*** Source records ***

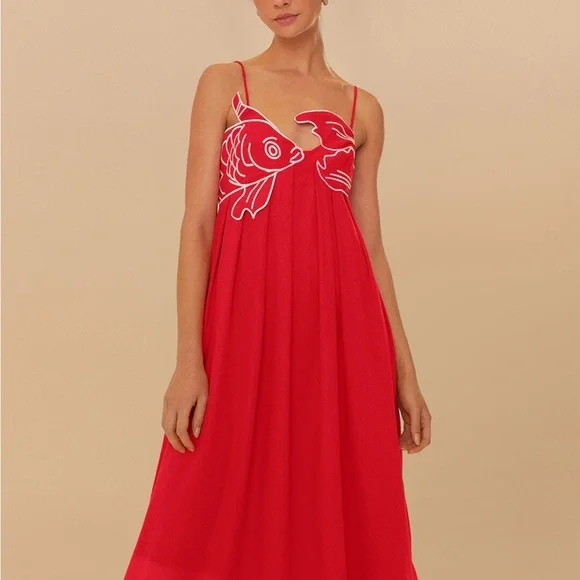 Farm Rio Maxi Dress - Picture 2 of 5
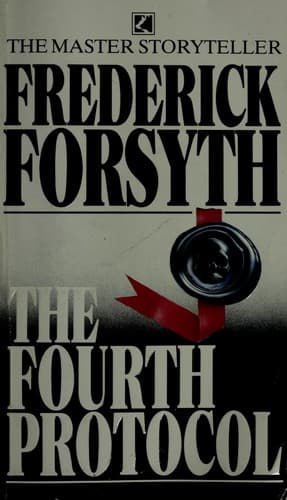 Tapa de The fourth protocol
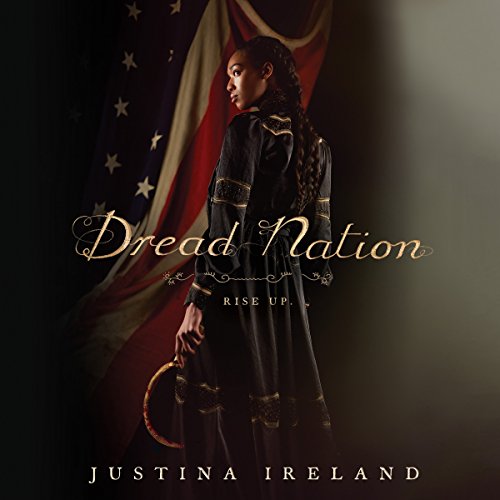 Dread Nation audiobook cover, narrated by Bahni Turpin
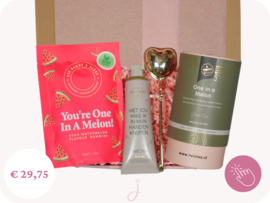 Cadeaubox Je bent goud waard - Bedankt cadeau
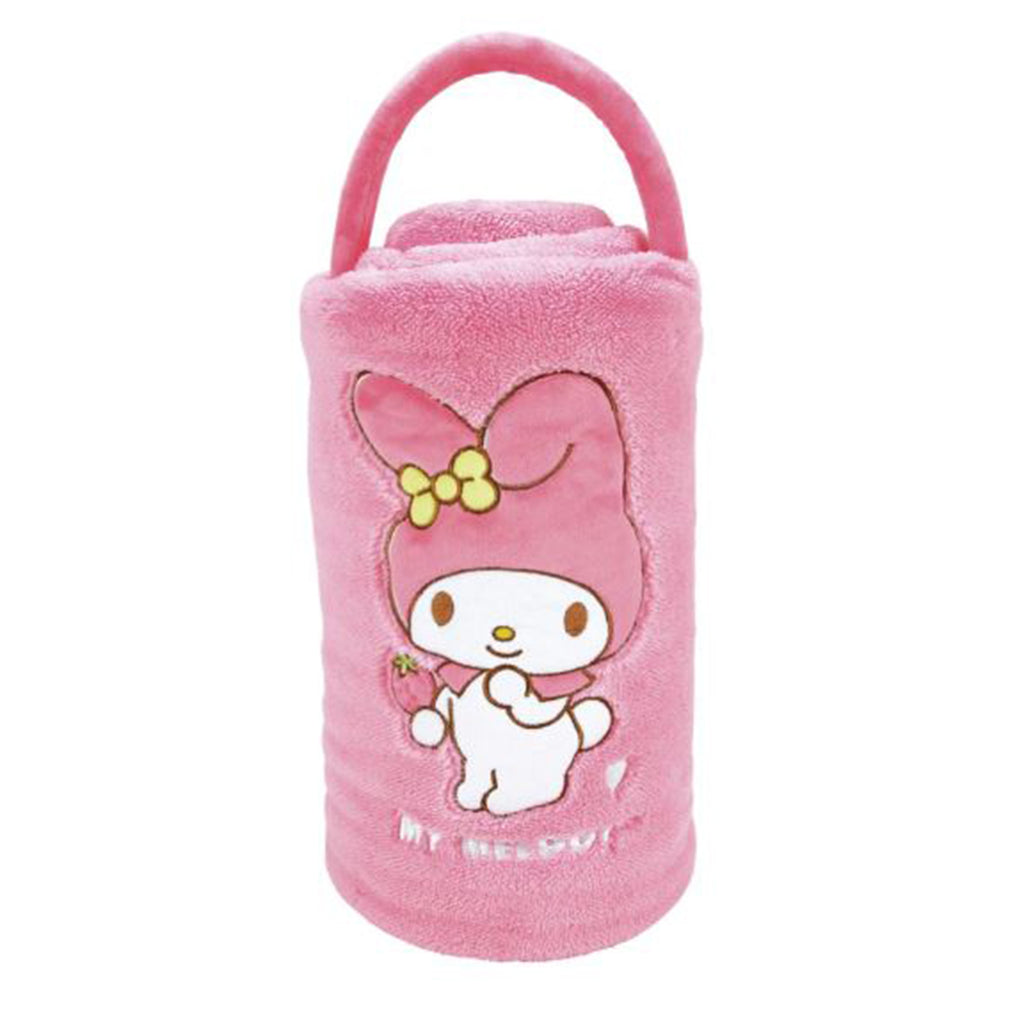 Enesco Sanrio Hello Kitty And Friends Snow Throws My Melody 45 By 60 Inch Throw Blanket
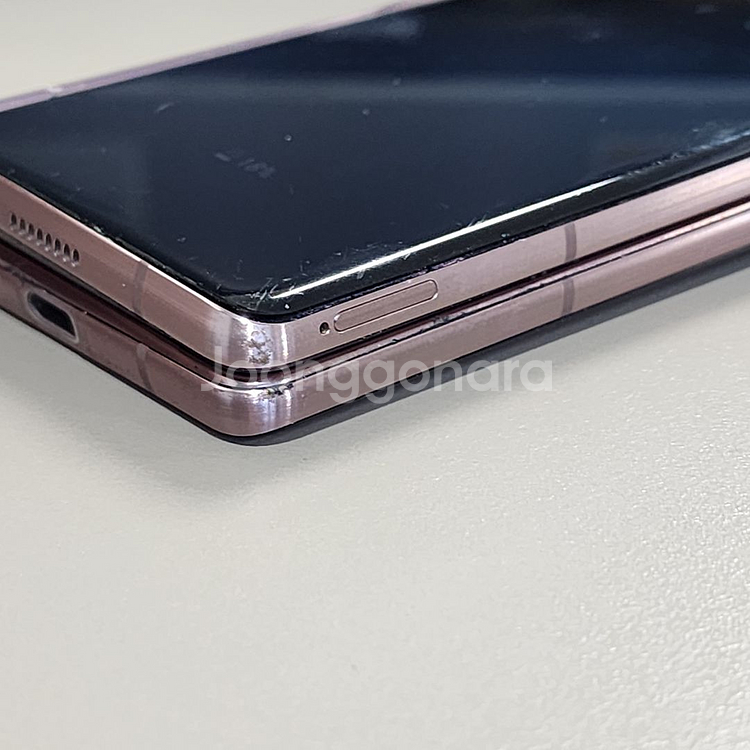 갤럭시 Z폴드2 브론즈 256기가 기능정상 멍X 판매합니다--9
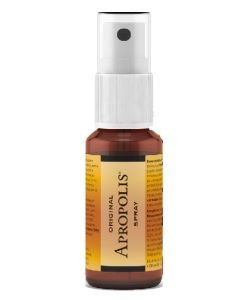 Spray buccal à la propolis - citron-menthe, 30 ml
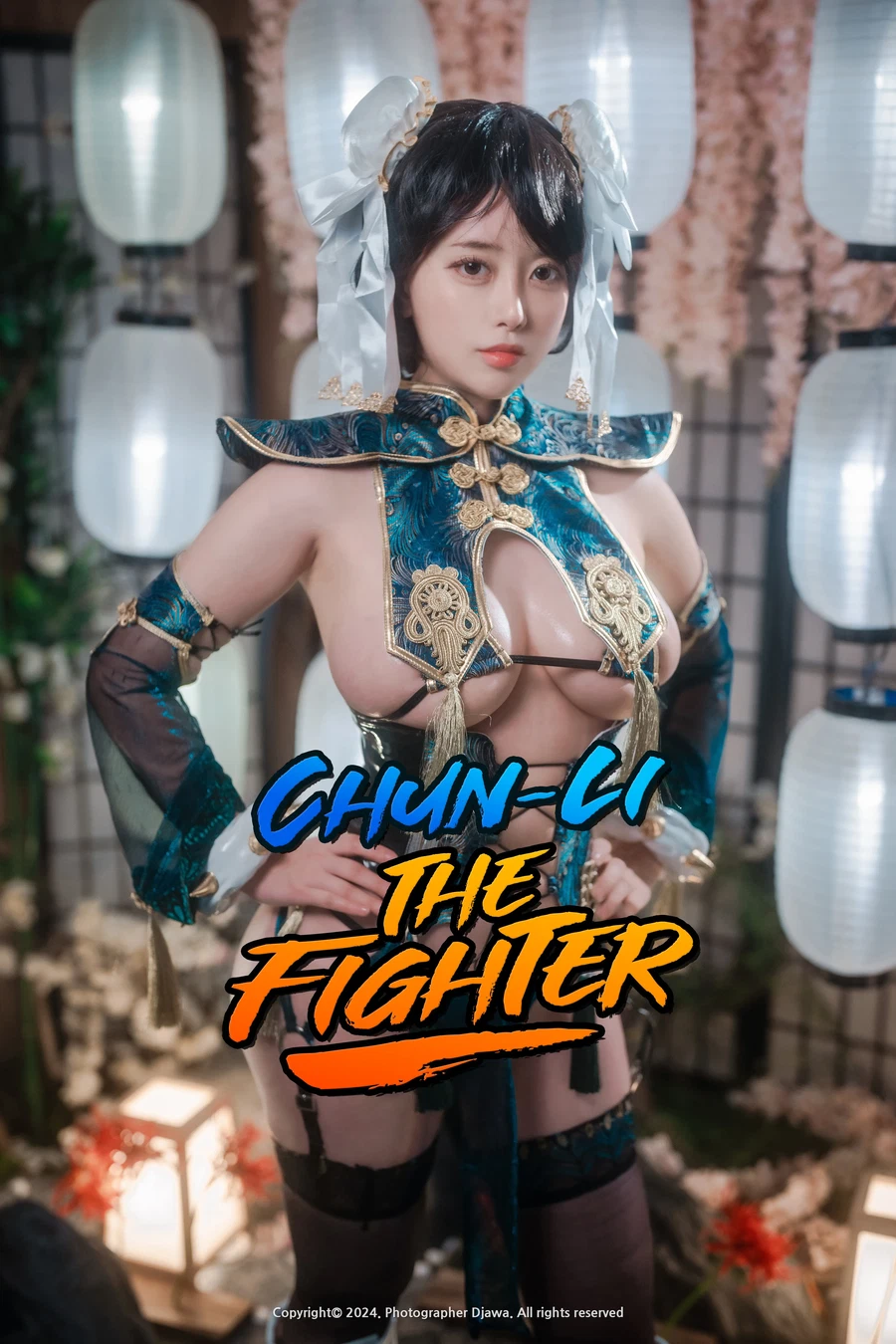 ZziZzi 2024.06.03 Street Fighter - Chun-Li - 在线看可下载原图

***

Nothing but the lines from the line with "Dread Nation audiobook" through the last line of the listing above should be repeated, and pictures should be left out.

 Dread Nation audiobook cover, narrated by Bahni Turpin
 Cadeaubox Je bent goud waard - Bedankt cadeau
 Enesco Sanrio Hello Kitty And Friends Snow Throws My Melody 45 By 60 Inch Throw Blanket
 갤럭시 Z폴드2 브론즈 256기가 기능정상 멍X 판매합니다--9
 Spray buccal à la propolis - citron-menthe, 30 ml
 ZziZzi 2024.06.03 Street Fighter - Chun-Li - 在线看可下载原图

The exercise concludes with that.